This Friday, the theme of the weekly photo sharing event on Twitter is ‘rooftops’. Normally I don’t get the chance to take photos of rooftops, as getting to the top of the nearest man-made structure such as an iron tower in Paris, or a big wheel in London doesn’t really appeal to me. That is not to say that there haven’t been occasions that I have been tempted to get up above the rooftops and others the natural terrain gave me a view of rooftops that appealed to my eye, leading me to to record the view for posterity. When I searched my photo collection I found numerous examples of rooftops. Here are a few of those photos, along with the reason I was looking out over rooftops.
Starting close to home in North Wales; I captured this while walking around Conwy town walls. I was exploring and trying to see how much of the walls remain open to walkers. As it turns out, most of the walls are accessible. This seagull against a backdrop of Conwy Castle caught my eye.
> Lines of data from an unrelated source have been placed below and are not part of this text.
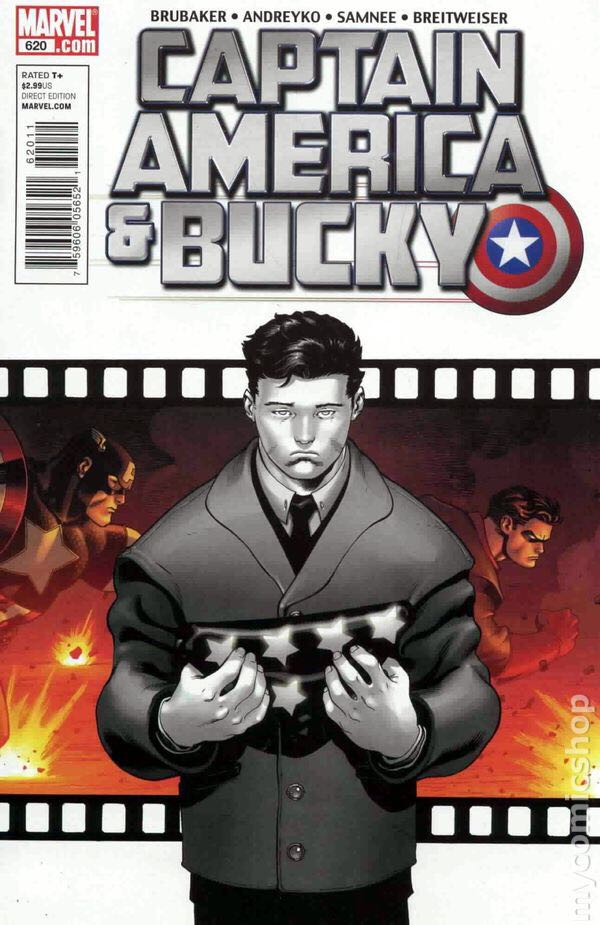Captain America and Bucky  (620) comic book collectible [Barcode 759606056521] - Main Image 1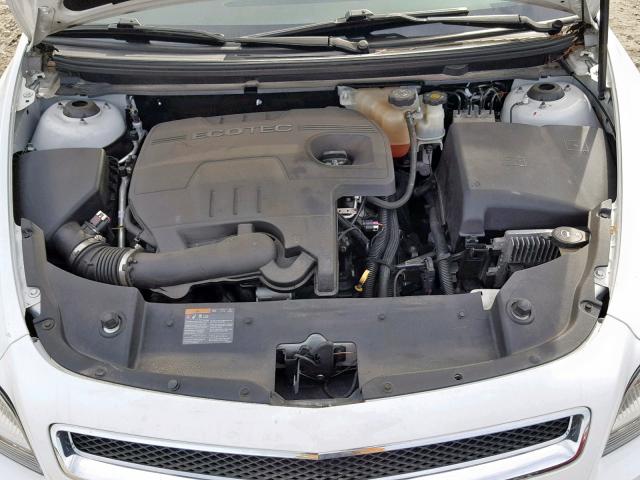 1G1ZC5EU0BF111101 - 2011 CHEVROLET MALIBU 1LT თეთრი ფოტო 7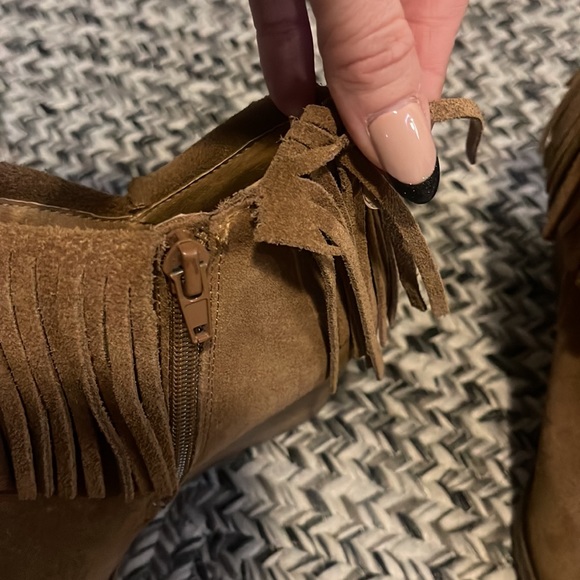 Lucky Brand fringe booties - Picture 7 of 10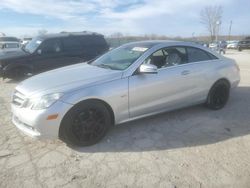 Salvage cars for sale at Kansas City, KS auction: 2010 Mercedes-Benz E 350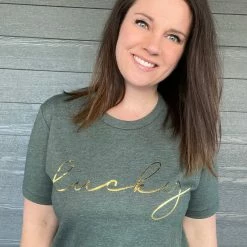 New โญ Little Bear Boutique SHORT SLEEVES My Lucky Tee ๐ 9 Little Bear Boutique SHORT SLEEVES My Lucky Tee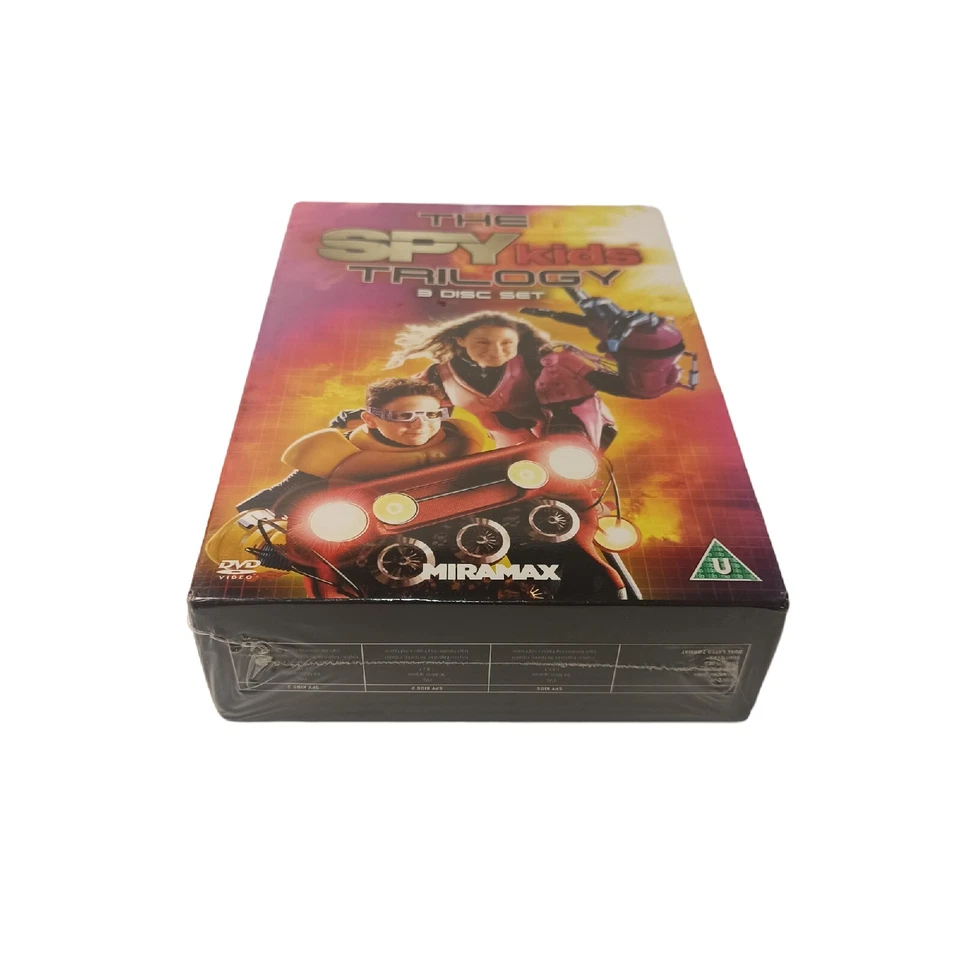 The Spy Kids Trilogy 1-3 DVD Movie Children Kids Family Crime Adventure Fantasy - Image 3 of 4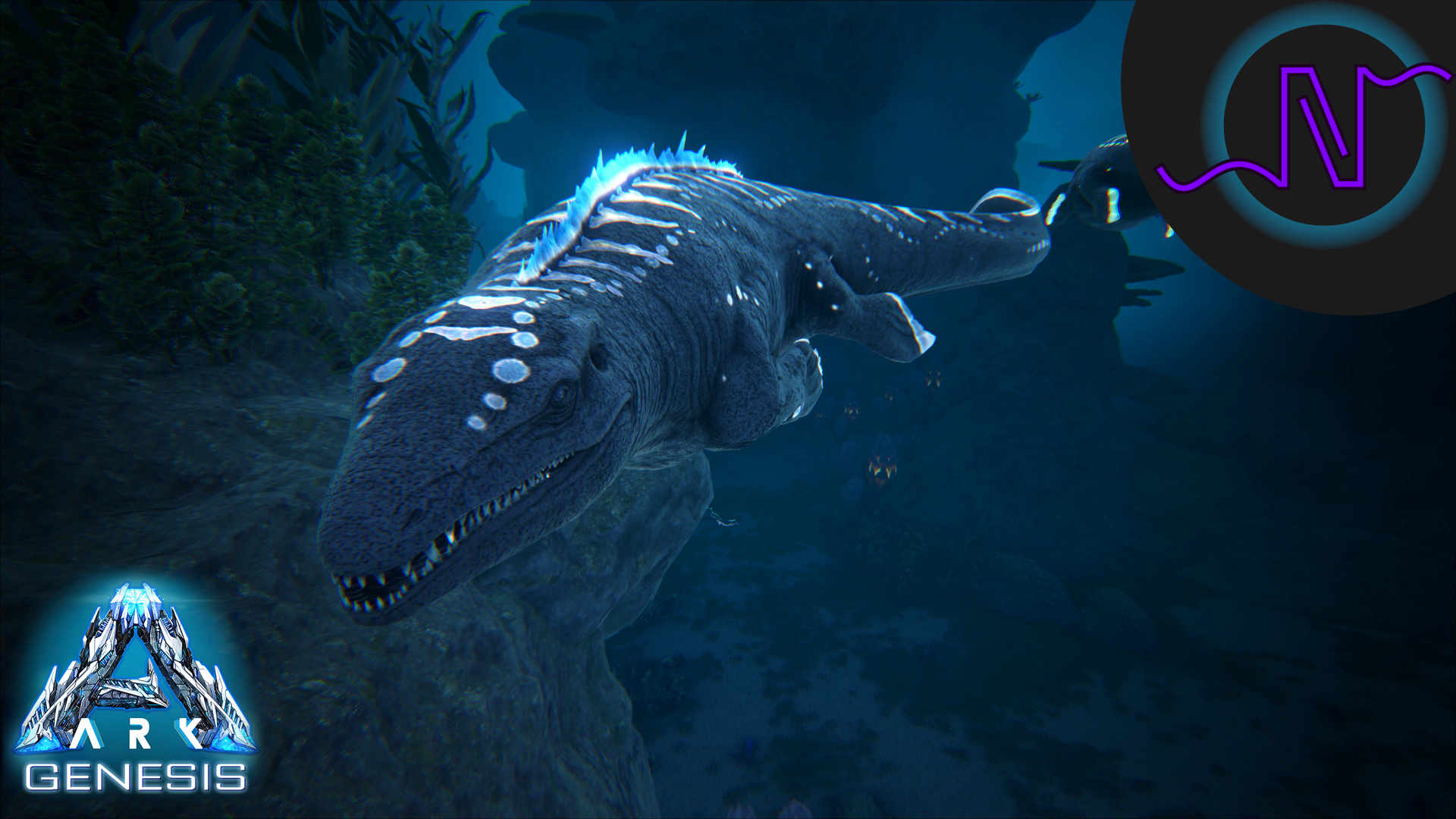 MOSA PROPOSAL Mission With XBasilosaurus ARK Survival Evolved E08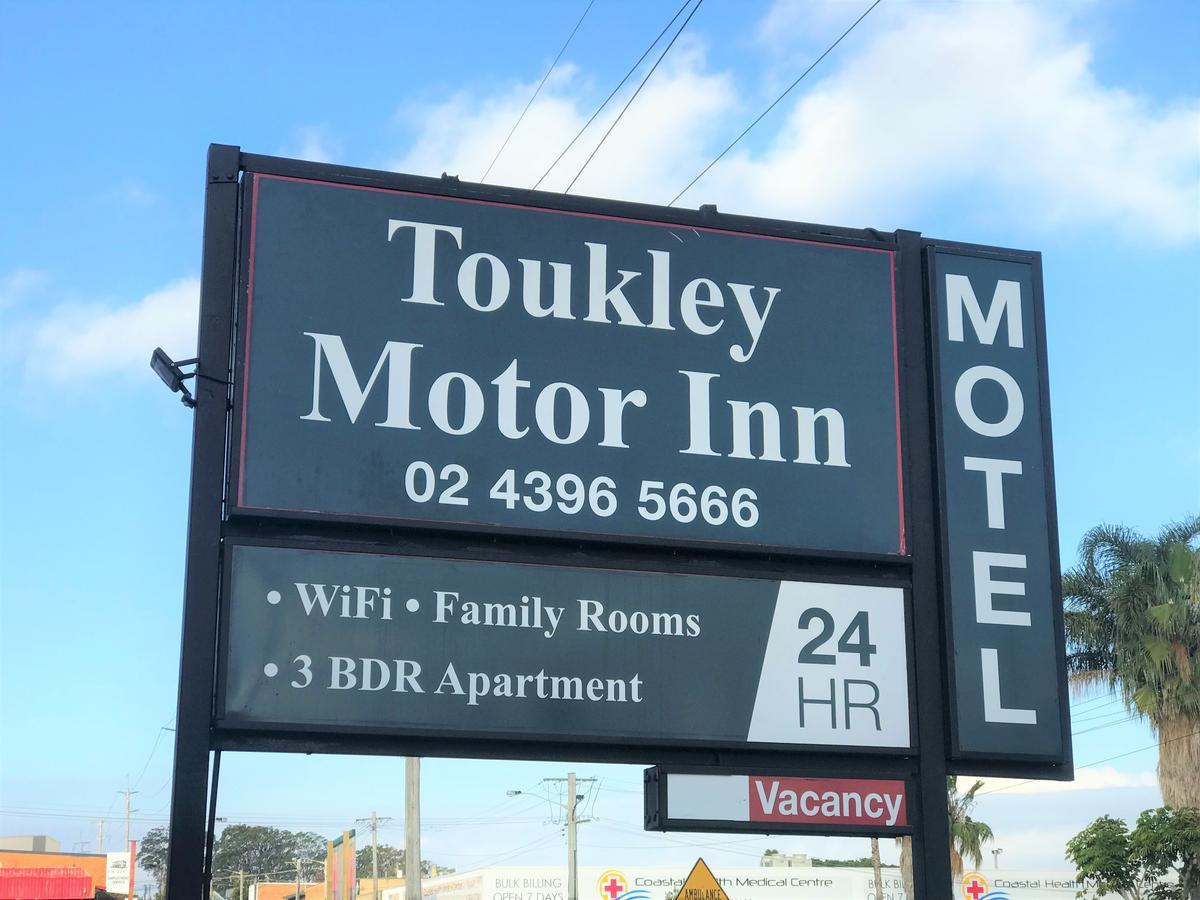 Toukley Motor Inn Екстер'єр фото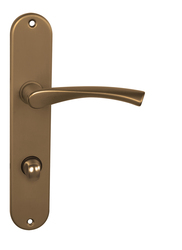 Kľučky na oválnych štítoch Bronzový BA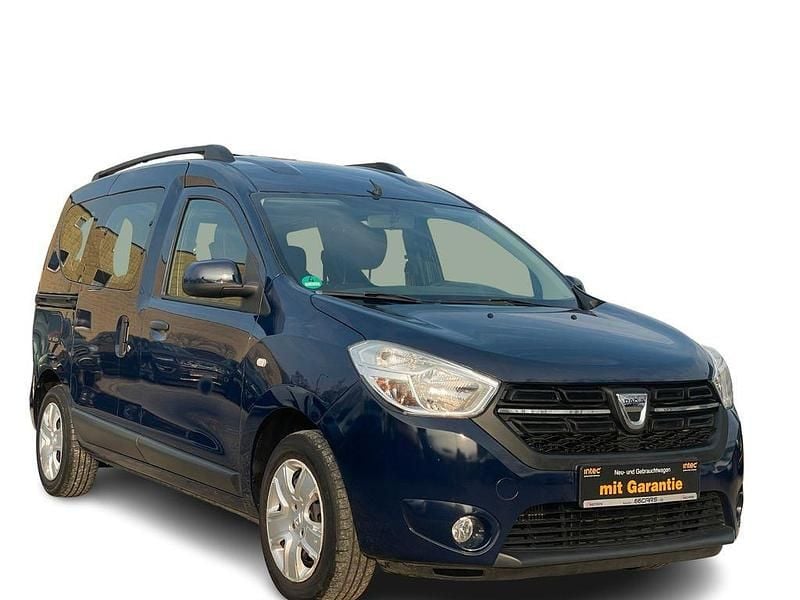 Gebraucht Dacia Dokker Lauréate 116 PS (85 kW) 2017 Blau Van / Kleinbus
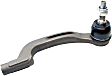 MS106118 Front, Passenger Side, Outer Tie Rod End, Supreme Series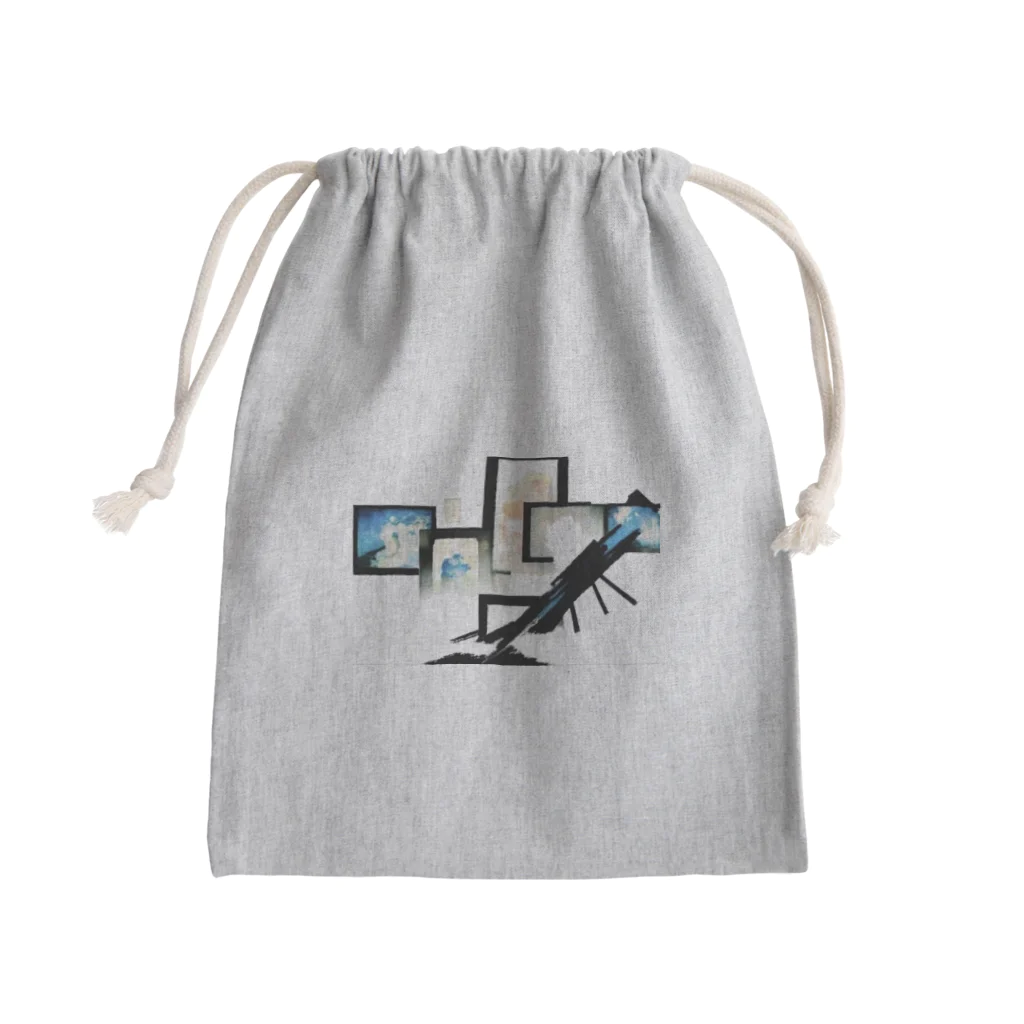 nejimakidori27のアートの魔法 Mini Drawstring Bag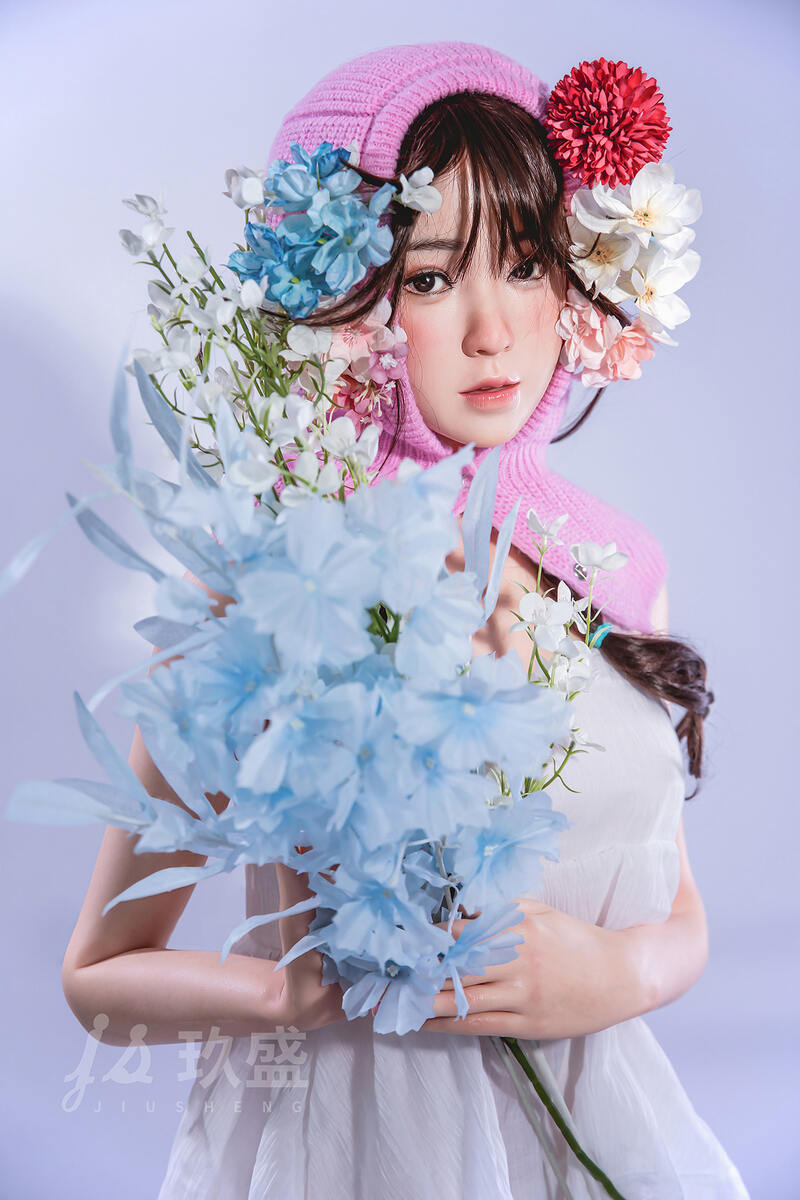 Picture of Jiusheng Silicone Sex Doll 150cm/4ft11 B-cup Silicone Sex Doll – Enya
Next up, is a view over Manchester Museum towards Salford. I was working on a construction site at the time that was using two tower cranes. After spending the first half of my career underground in the coal mines, I know found myself having the need to climb all sorts of temporary scaffolding structures in the course of my inspections and at first was petrified. I found the solution to my fear was to expose myself to more and more work at height in order to desensitise myself. Climbing tower cranes on a day when an East wind is blowing in from the Pennines, blasting your hands with icy rain, while making the top of the crane sway like the mast of a sailing ship showed me where the term ‘white knuckles’ comes from. The weather the day this was taken was pleasant enough though.
Overseas now to Italy for a classic rooftop view in Florence, Tuscany. I do have some of Paris but from Butte Montmartre not the Eiffel tower. Sadly the light and pollution that day meant washed out, photos. At Florence, we were staying at a in a tent with a real bed on the campsite overlooking the city. The view from the tent was obscured by olive trees but we did get glimpses of the Duomo etc. This is the view on our walk into town.
The next view is from the Torre Guinigi in Lucca, Italy. When I saw the tower with trees on top I could hardly believe my eyes. I just had to climb to the top to see how this feat was achieved. This is the view when I got there.
Now off to Germany. Munich was heavily bombed in World War Two. When it was rebuilt after the war the problem of what to do with all of the rubble arose. A simple solution was adopted. It was all carted out from the city centre and dumped. The result was a massive man-made hill that is now part of the Olympic Park. This is the view from the top towards the city centre. It also affords some breathtaking views over the Olympic Stadia and the BMW factory and HQ.
The Czech Republic has some beautiful roofline vistas. Prague has some excellent vantage points to see the city of spires the castle, and Vitkov Hill are two of the better ones. But as I can’t fit fifty photos in one post. Instead I’m including a view from UNESCO listed Cesky Krumlow. This one captures some of the beauty of the place, but like all travel you have to visit to truly appreciate it.
Sometimes though you don’t
need to climb anywhere to see some stunning rooftop scenery. Telc in the Czech Republic is another UNESCO listed town. The topography of the area is very flat but the rooftops are clearly majestic.
To finish, I leave you two photos featuring rooftops the way I love to see them; with over a metre of snow stacked up on them. The first photo is of the rooftops of Le Tour at Chamonix from last winter. Incredible!
Then finally one showing Avoriaz in the Portes du Soliel area. The buildings are designed to mirror the mountains that surround the resort.